Alınan ve cılız bile olsa duyulan ses dalgaları sonucundaki ‘mucize’ diye adlandırılan kurtarışlar da olabildiğince seyrekleşti.

Artık geride acı çığlıklar ve umutsuz, boş bakışlar kaldı.

Dozerlerin homurtulu sesleri, kepçelerin inip, çıkışlarındaki sıklık arttıkça, arttı.

Her inip çıkışta hayatını kaybedenlerin duyurulduğu rakam yukarılara doğru tırmanıyor.

Yaşanan deprem felaketindeki baş rol oyuncusu fay hattının meydana getirdiği çatlakların 30 metreyi aşan derinlikleri ulaştığı ifade ediliyor.

Adına doğa faciası denilen olaylar karşısında insanlığın çaresizliği bir kez daha su üzerine çıktı. Siz ne önlem alırsanız alınız küresel oynamaların buna aldırdığı yok!

Bu coğrafyada yaşayanların kabullenmesi gereken ve yaşam şeklini olası felaketlere yönelik olarak düzenleyen kuralları uygulama zamanı geldi de geçti bile.

Böylesi felaketleri artık “kader” diye geçiştirme şansımız yok!

Dünyada örnekleri çok! İşte Japonya !

Her şeyden önce inşaat sektörüne katı kurallar getirmişler. Mühendisliğin kuralları çetrefilli bile olsa bilinmeyen denklemleri içermiyor!

Depremle mücadele etmenin yolları muamma değil!

Bu kurallara uymayanları en ağır cezalara çarptırıyorlar.

Sadece müteahhitlere, inşaat sahiplerine değil, inşaatı denetleyen, olur vizesi verenlere de ağır cezalar getiriliyor.

Çürük inşaatlarla binlerce insanın hayatı ile oynamanın cezası taammüden insan öldürmekle eş anlamda kabul edilmelidir.

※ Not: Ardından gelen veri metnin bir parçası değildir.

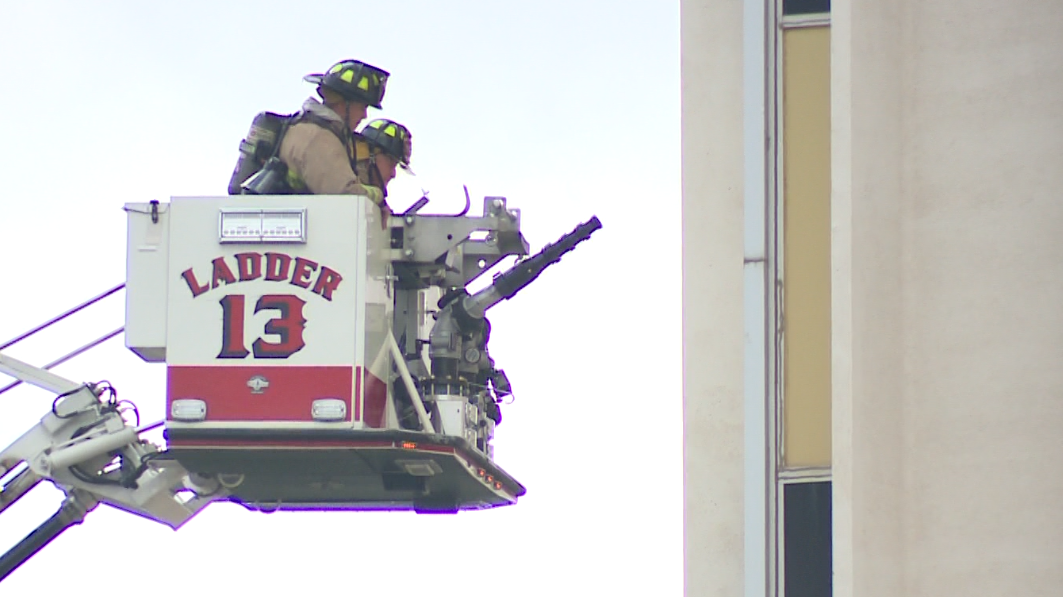 Abandoned high rise sets off fire alarms, again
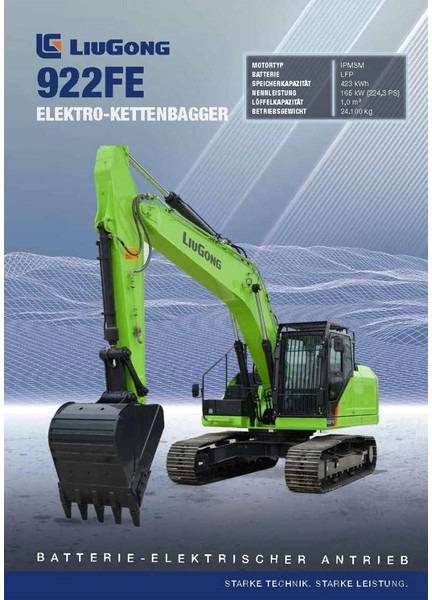 LIUGONG 922 FE vollelektrisch, 24.100 kg - Kettenbagger: das Bild 1 LIUGONG 922 FE vollelektrisch, 24.100 kg - Kettenbagger: das Bild 1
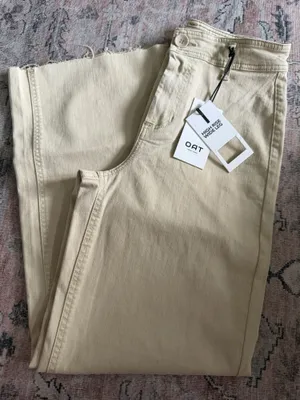 Oat wide leg jeans Tan Size 4 thumbnail 2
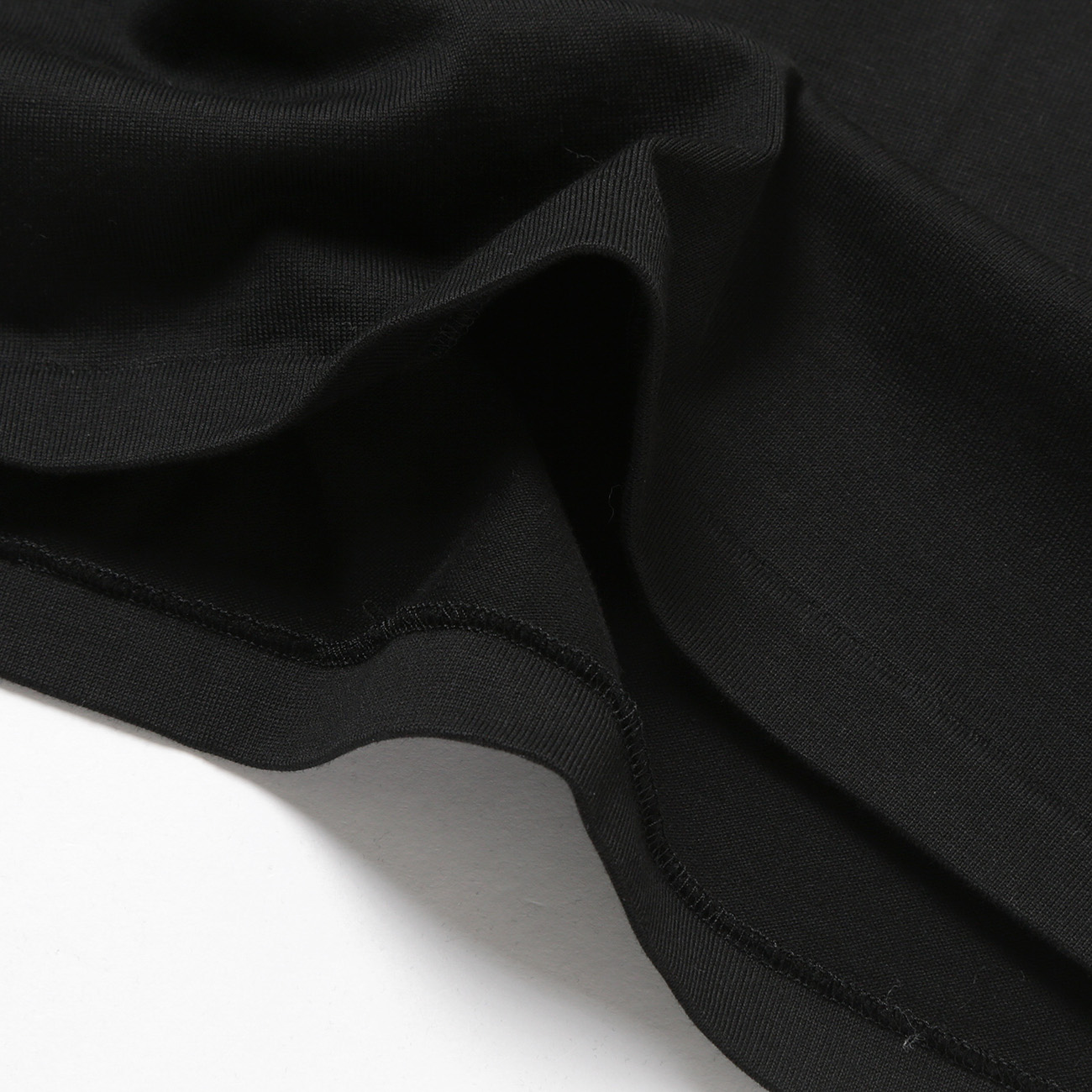 AURALEE / オーラリー | LUSTER PLAITING L/S TEE (メンズ) - Black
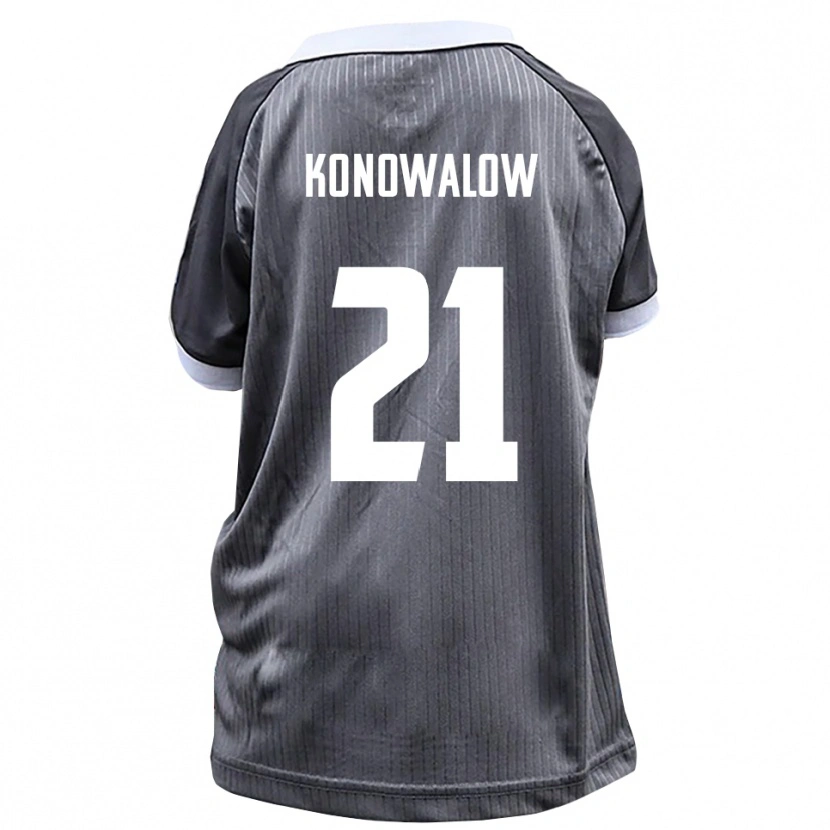 Danxen Kinder Stefan Konowalow #21 Grau Weiß Auswärtstrikot Trikot 2025/26 T-Shirt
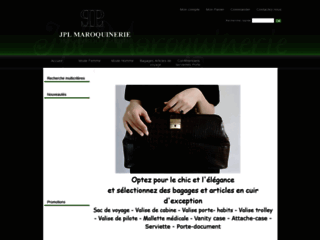 Détails : JPL Maroquinerie : bagages maroquinerie de luxe
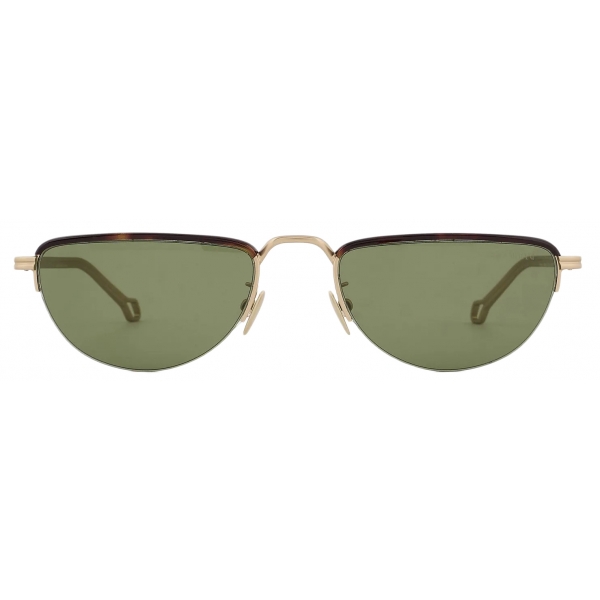 Giorgio Armani - Semi-Rimless Sunglasses - Gold - Sunglasses - Giorgio Armani Eyewear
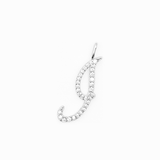 Italic Letters Charm Silver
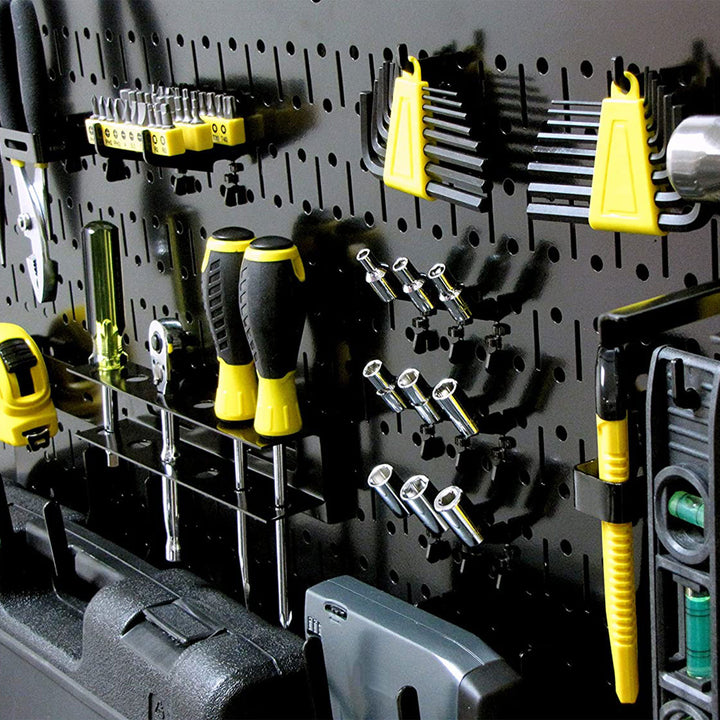 Wall Control 32" x 16" Horizontal Pegboard Garage Tool Organizer, Black (2 Pack) - VMInnovations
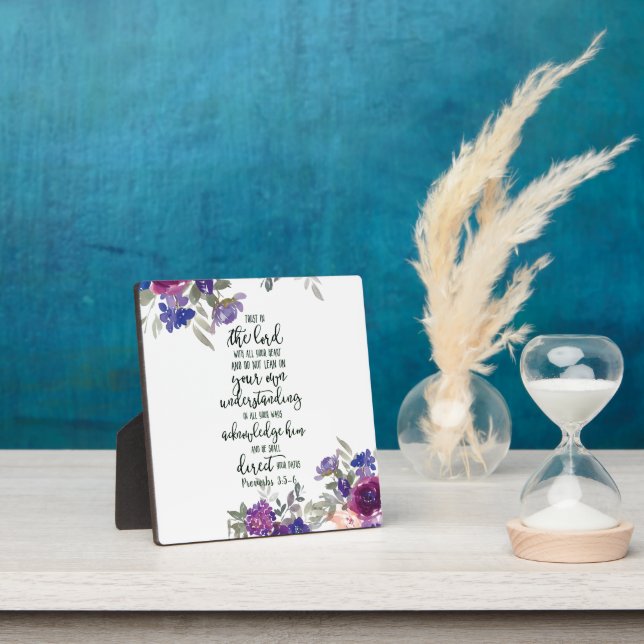 Trust in the Lord floral   Plaque (Insitu)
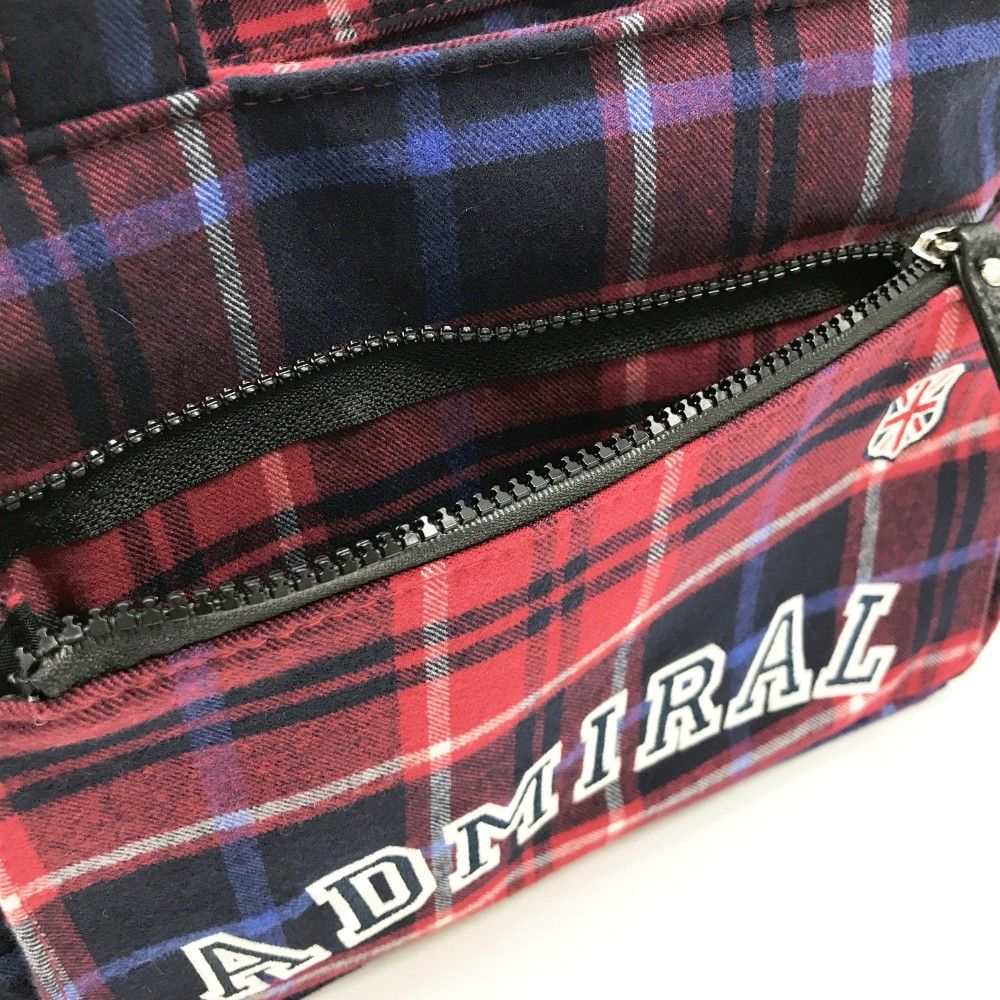 ADMIRAL アドミラル カートバッグ チェック柄 レッド系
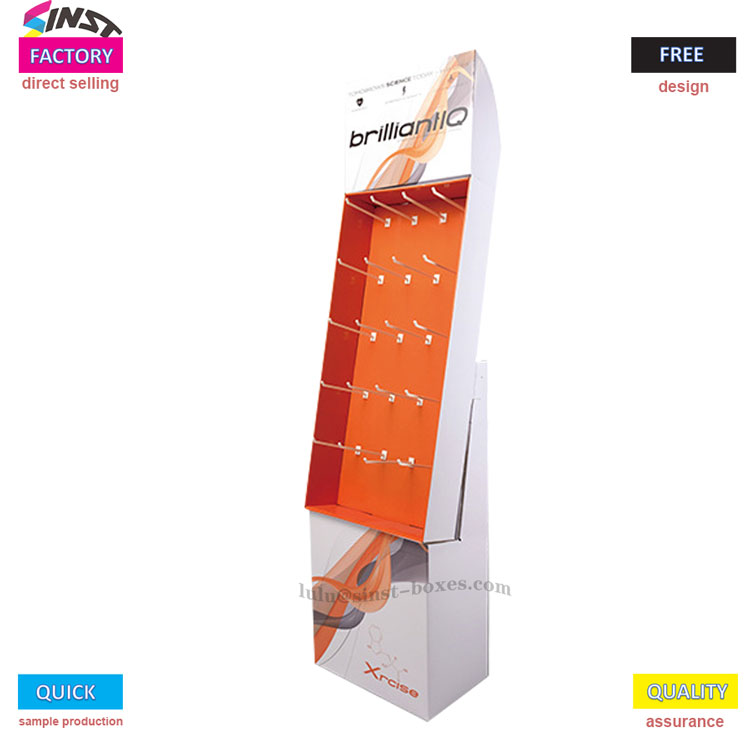 Mouse hook cardboard display rack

Sabahın bir erken saatinde sıcak yuvasında uykusundaki insanlar, ya hayatından oluyor, ya da karın, kışın ortasında çırçıplak sokaklarda kala kalıyor. Canlarından olmasalar bile ömürleri boyunca oluşturdukları birikimleri yok oluyor.

Uzman bilim adamlarının ortaya koydukları verilere göre Kıbrıs adası deprem kuşağının içinde yer alıyor.

Ana vatan Türkiye de yaşanan felaketler ortada! Nelerle karşılaşıldığı meydanda! Sadece bu güne kadar yapılan mevcut binaların depreme dayanıklılığını belirlemekle kalınmamalıdır. Tehlike arz eden yapılar yıkılmalıdır. Olası depremlerde alınması gereken önlemler programlanmalı, müdahalesine baş vurulacak olan sivil savunma gibi yapılar daha güçlü hale getirilmelidir. Burnumuzun ucunda yaşanan felaketten dersler çıkarılarak yaşam şeklimizde artık değişikliklere gidilmesi yasalarla bir düzene konmalıdır diye düşünüyorum.